> _Data extracts_
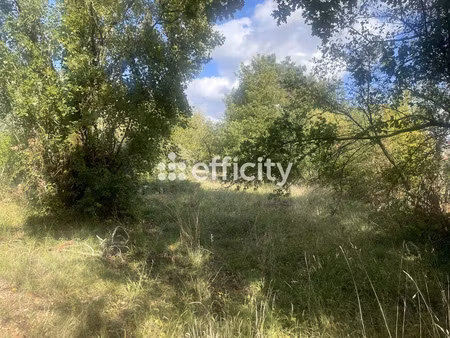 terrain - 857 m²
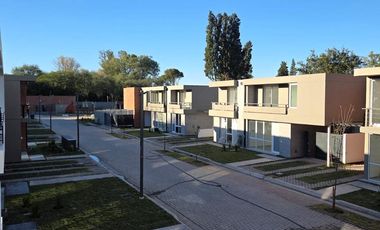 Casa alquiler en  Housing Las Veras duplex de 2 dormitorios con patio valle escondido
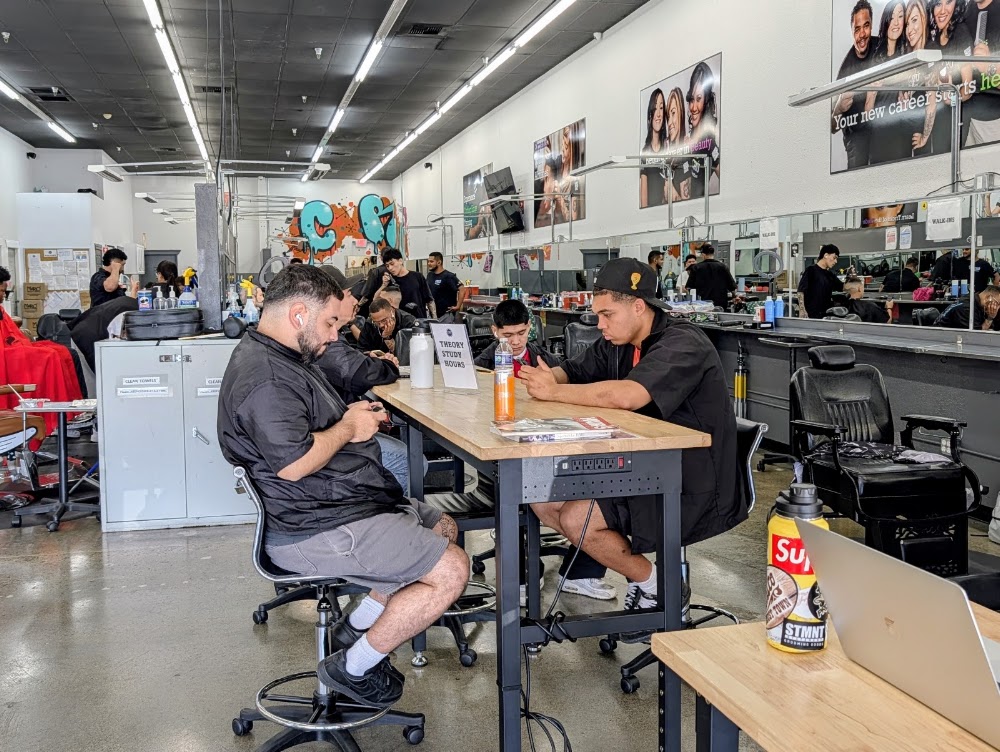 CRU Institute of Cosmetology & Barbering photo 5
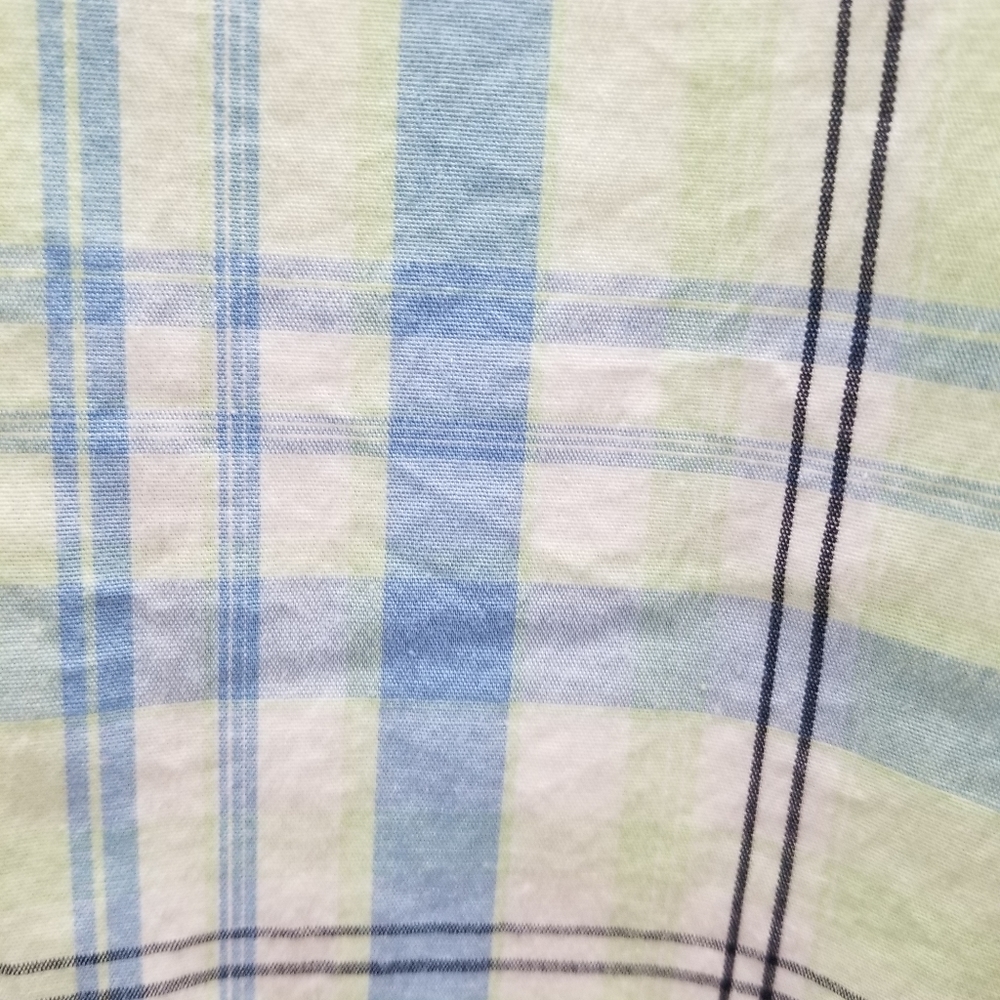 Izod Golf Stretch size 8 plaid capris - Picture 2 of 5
* * *
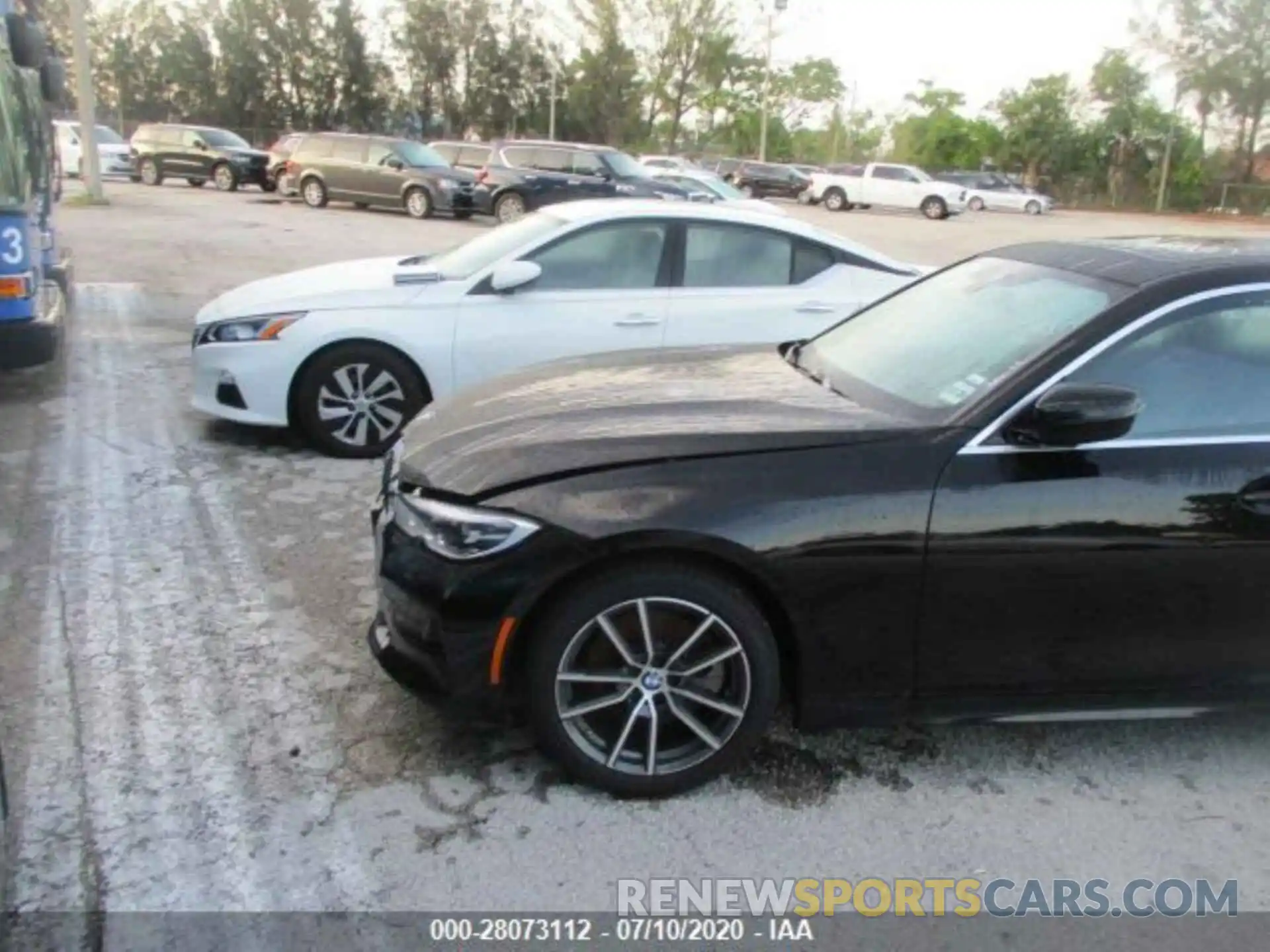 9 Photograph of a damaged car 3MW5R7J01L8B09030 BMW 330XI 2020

> _The task_
Give again the lines of the listing above that run from the one with "terrain - 857 m²" up to and including the one with "Izod Golf Stretch". Keep them exact and omit the pictures.

> _Reply_
 terrain - 857 m²
 Casa alquiler en  Housing Las Veras duplex de 2 dormitorios con patio valle escondido
 CRU Institute of Cosmetology & Barbering photo 5
 Izod Golf Stretch size 8 plaid capris - Picture 2 of 5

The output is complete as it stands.